George Paterson
- Birth name: George Quintin Paterson
- Date of birth: 5 March 1855
- Place of birth: Bangalore, India
- Date of death: c. 1 March 1934 (aged 78)
- Place of death: Hoboken, New Jersey, United States

Rugby union career
- Position(s): Fly half

Amateur team(s)
- Years: Team / Apps / (Points)
- Warriston /  / ()
- –: Edinburgh Academicals /  / ()

Provincial / State sides
- Years: Team / Apps / (Points)
- 1874: Edinburgh District /  / ()
- 1876: East of Scotland District /  / ()
- 1878: Blues Trial /  / ()

International career
- Years: Team / Apps / (Points)
- 1876: Scotland / 1 / (0)

= George Paterson (rugby union) =

Scotland international rugby union player

George Paterson (5 March 1855 – March 1934) was a Scotland international rugby union player.

==Rugby Union career==

===Amateur career===

Paterson started at Warriston.

He was notable for his weight; he weighed under 9 stone - and is the lightest person to have played rugby union for Scotland.

Paterson later played for Edinburgh Academicals

Paterson was a mainstay in the Accies team that won the Scottish Unofficial Championship in 1878.

He retired from rugby union in 1879.

===Provincial career===

He played for Edinburgh District. He first played for the district in 1874 when still with Warriston.

He played for East of Scotland District.

He played for Blues Trial in their match against Whites Trial in 1878, scoring a try in the match.
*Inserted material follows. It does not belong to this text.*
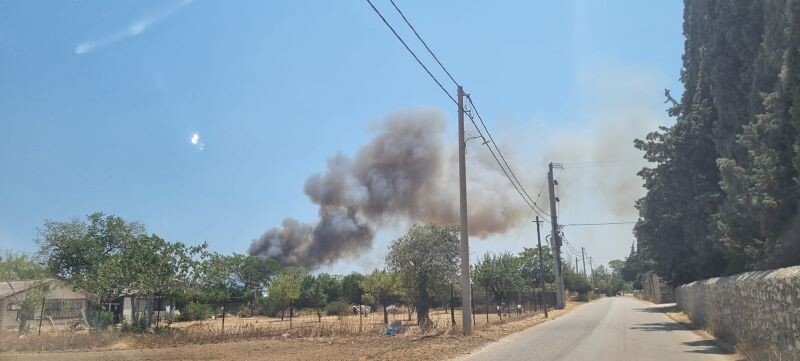 Φωτιά-στον-Μαραθώνα-–-Μεγάλη-κινητοποίηση-της-Πυροσβεστικής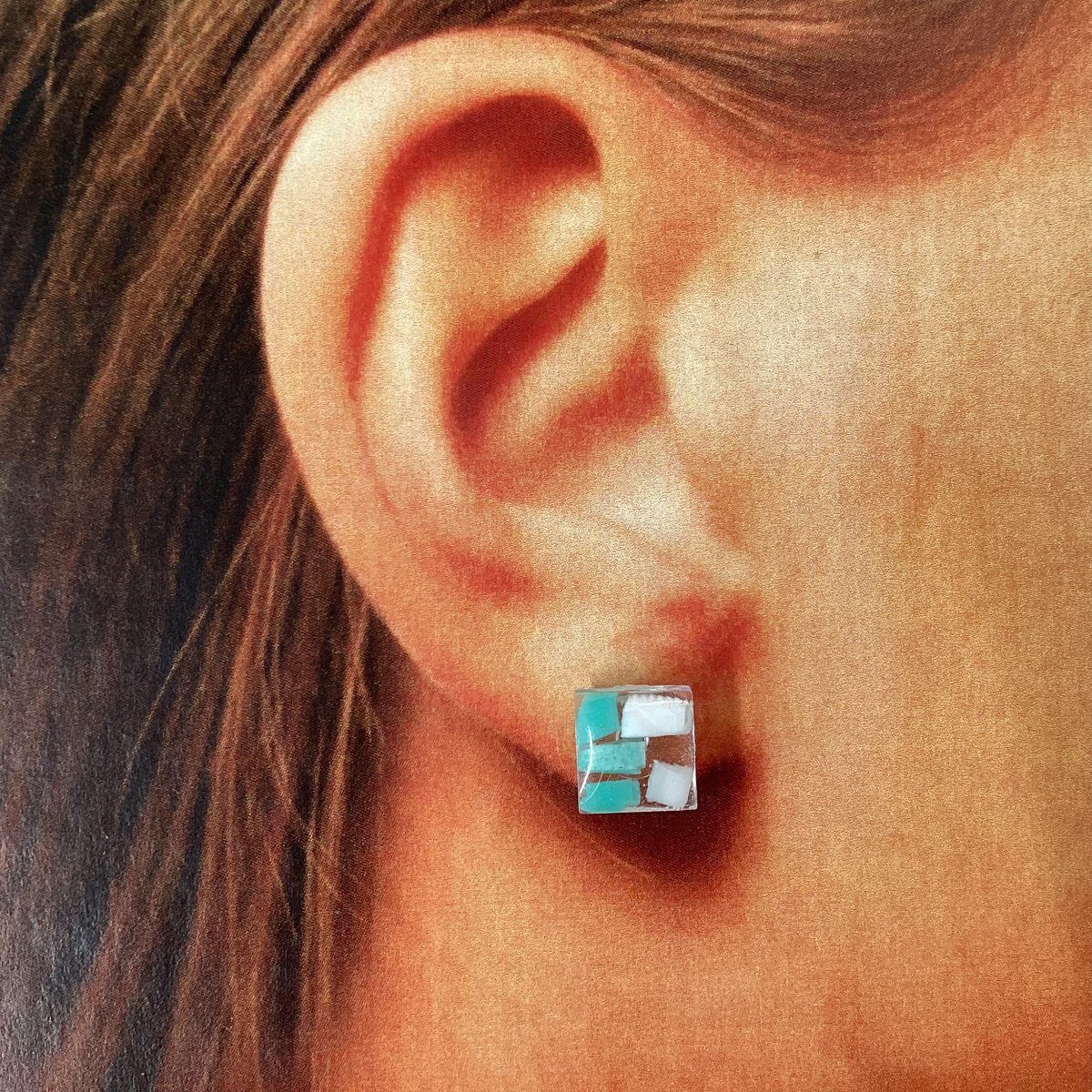 【エシカルアクセサリー】　半球ピアス　プラごみ×レジン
===International career===

Paterson was capped by Scotland for one match, in 1876. It is said that his lack of weight hindered his international selection.

==Family==

Paterson was born in Banaglore, India to parents Dr. Colin Archibald Paterson and Harriet Annette Ross. He was one of four children, all born in India. He married Louisa Augusta Stewart of Mount Carmel in Jamaica; and they had a daughter Louisa Angela Stewart Paterson who was born in Falmouth in Jamaica. His wife Louisa Augusta Stewart died in 1890; and Paterson moved to the United States. He married again in 1896 to Louise Sherwood. Paterson died in March 1934 and is buried in the Holy Cross Cemetery in North Arlington, New Jersey.